Autumn is the time to tidy up the yard before the winter winds, ice, and snow wreak havoc. You will want to trim back the garden and mulch the beds. And you should prune the shrubbery, too.
Many perennials, such as black-eyed Susans, foxglove, and hostas, leave unsightly stalks in the fall garden that should be cut down. Not only will this make the garden look better, it will insure that the plants grow well in the spring and put forth showy flowers on schedule.
Use garden shears or small loppers to trim the stalks close to the ground, but not all the way down. Leave a visible crown.
If you grow roses, remove only the dead flowers and about a third of the upper branches. The goal is to cut the rose bush just enough so that the snow does not break the branches, and the wind does not snap them.

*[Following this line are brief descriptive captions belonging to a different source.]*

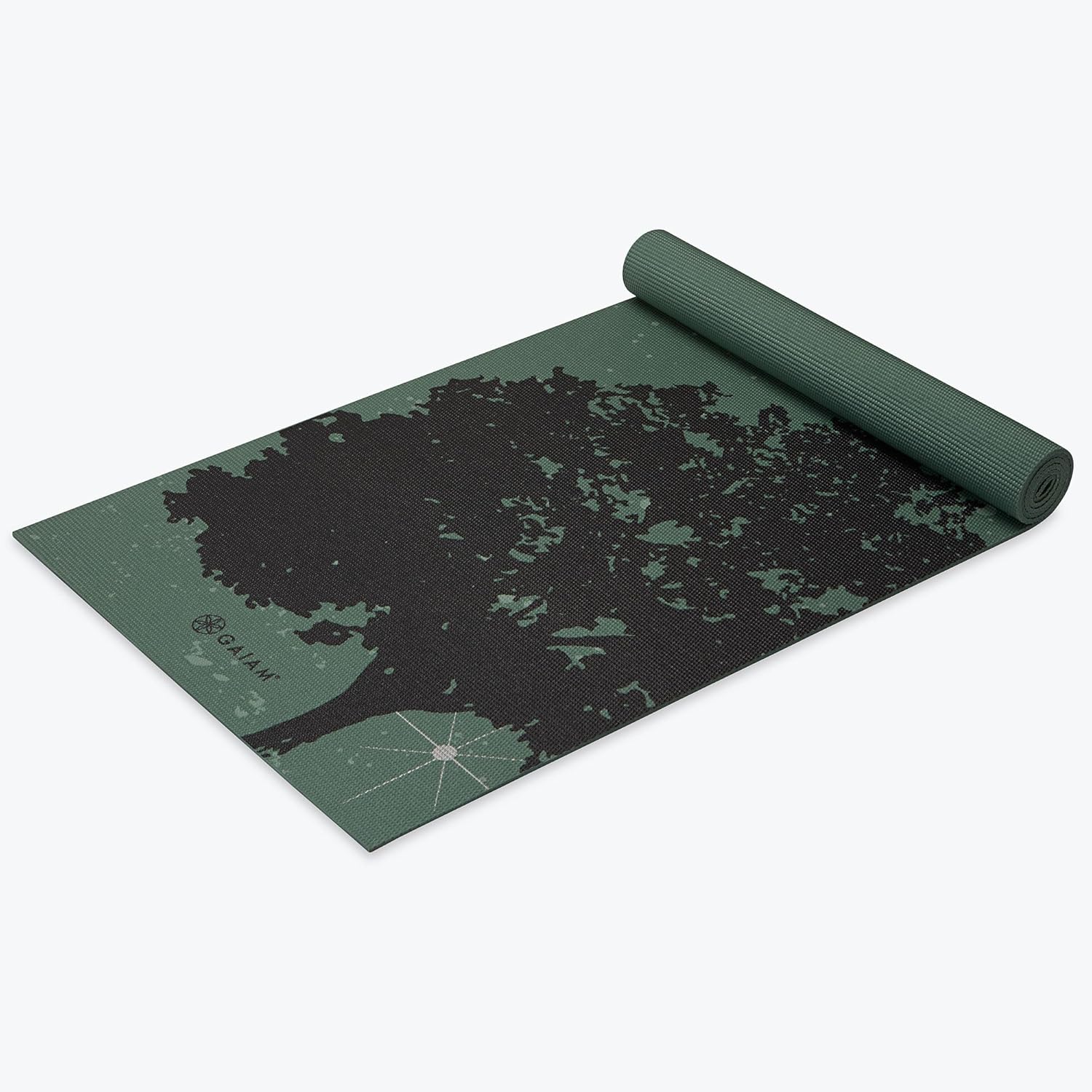 Printed Non-Slip Yoga Mat — Cushioned Support for Yoga, Pilates & Stretching
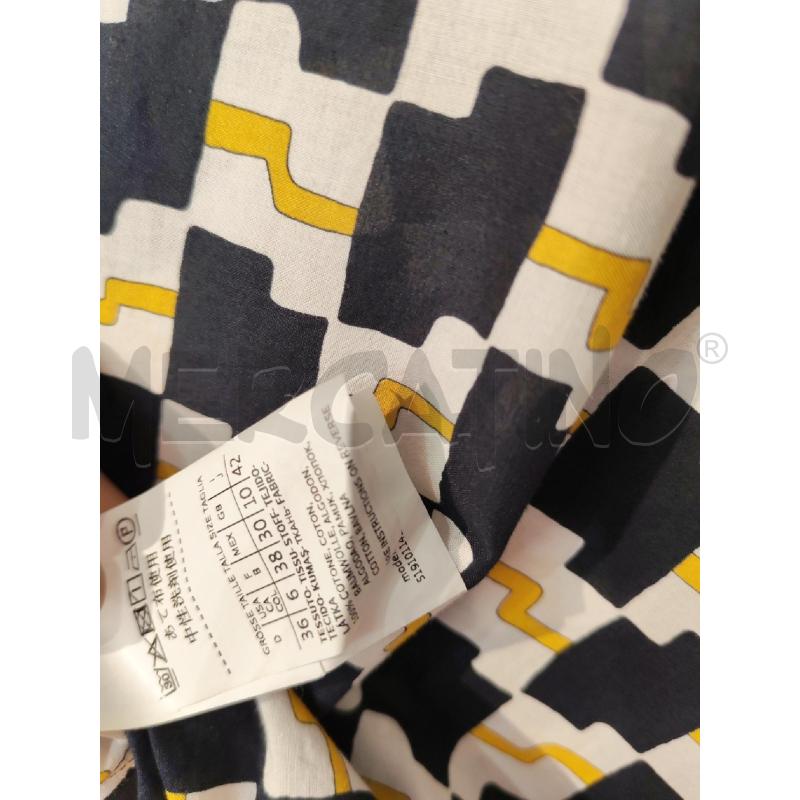 BLUSA DONNA EMME MARELLA FANTASIA GIALLA BIANCA E NERA | Mercatino dell'Usato Mestre 4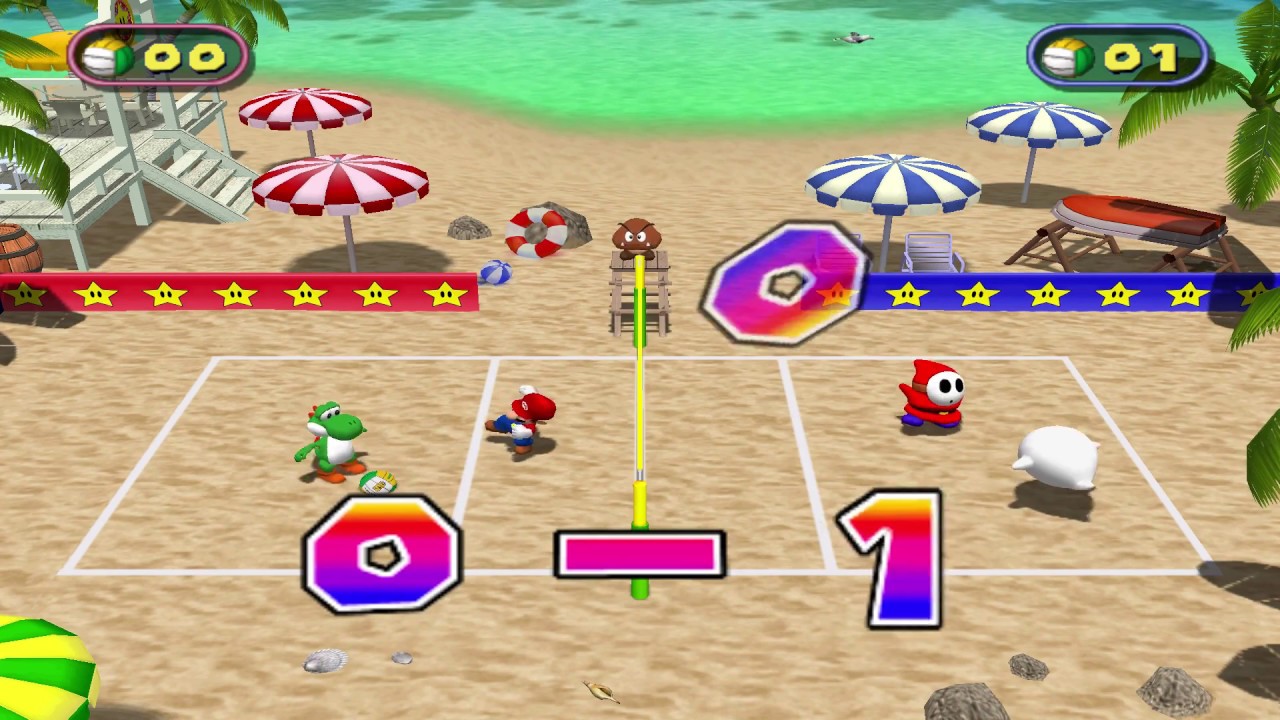 Mario Party 4 - Beach Volley Folley
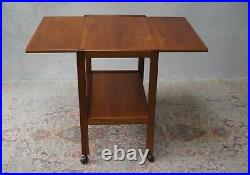 Vintage Mid Century Teak Folding Table Drinks Trolley Delivery Available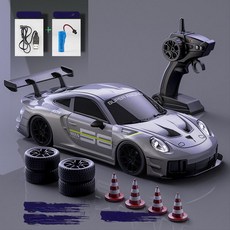 고속 RC카 드리프트 무선조종 SUV 선물, Bosch 911 [그레이], 표준 단일 배터리 [30분]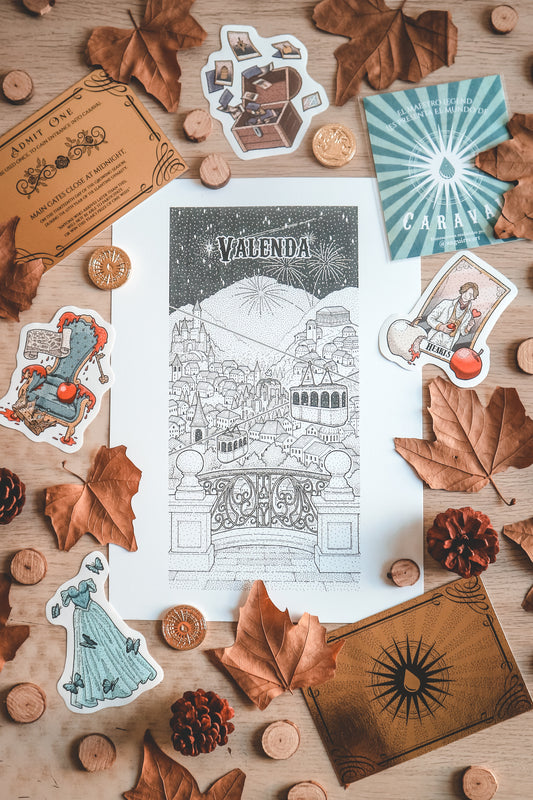 Valenda's Balcony - CARAVAL FanArt Illustration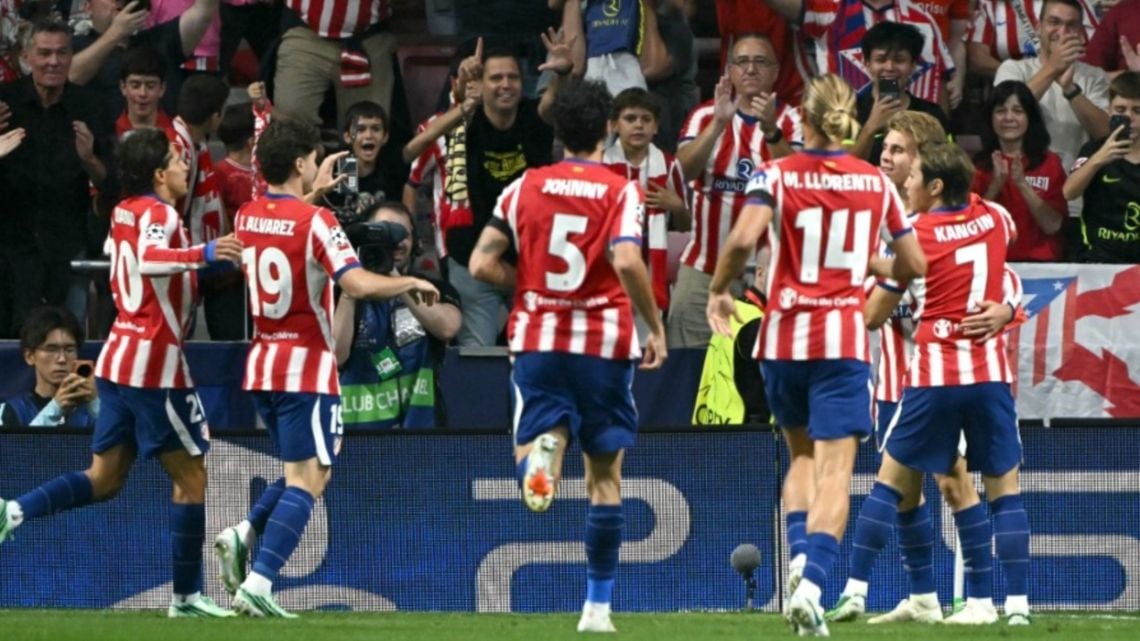 El Atleti le bajó la persiana al United y se sacó la espina del debut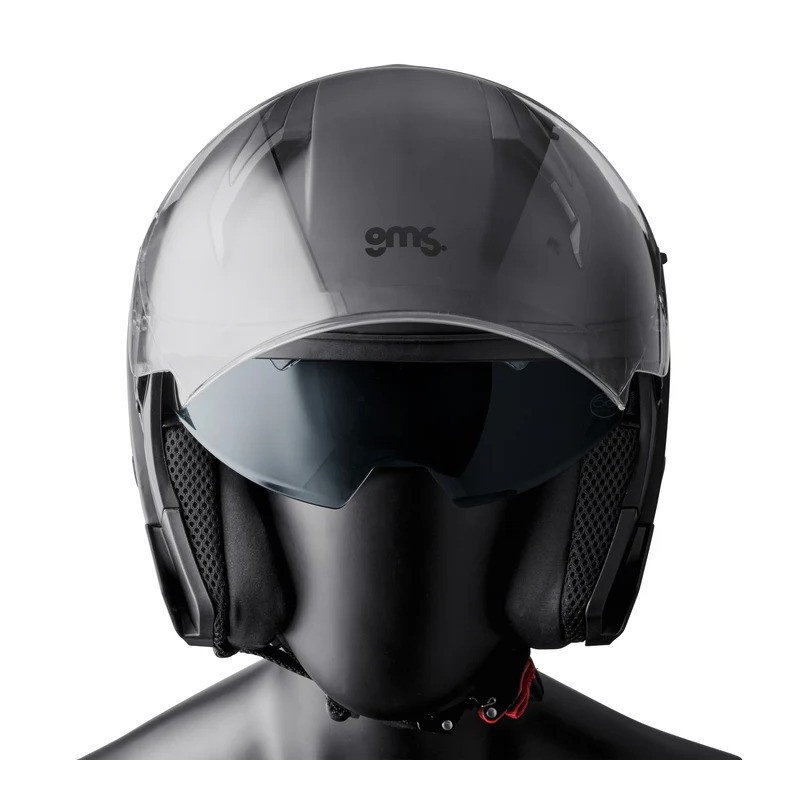 Casco Jet Con Visiera Per Scooter E Moto – Traspirante, In ABS, Per Adulti E Adolescenti, Circonferenza Testa Max 65 Cm, Certificazione 3C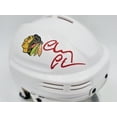 thumbnail image 2 of Chevy Chase Autographed Chicago Blackhawks White Speed Mini Helmet Beckett BAS QR #AD34233, 2 of 5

Many flowering shrubs do well when thinned. The sun can reach all the branches and the spring show will be especially glorious.
Other shrubbery, such as forsythia and lilac, form their blossoms near the tip of the plant and so fall trimming will reduce, or totally destroy, next year’s flowers. For these, cut off only dead branches and those that are up against the house.
(If you want to trim these, do so immediately after they bloom in the spring.)
Read up on the shrubs you have in your yard.
Evaluate the shrubs before you start cutting and think about the shape you prefer. Trim the shrubs so that they don’t interfere with the house or walkways.
Finally, mulch garden beds and around shrubs and small trees. Mulch, which can be ground leaf litter, wood chips, chopped straw, or a similar mixture, holds in moisture and prevents soil erosion.
If the soil in your garden is very moist and heavy with clay, you will not need to mulch as much as someone with drier soil. You will have to be the judge.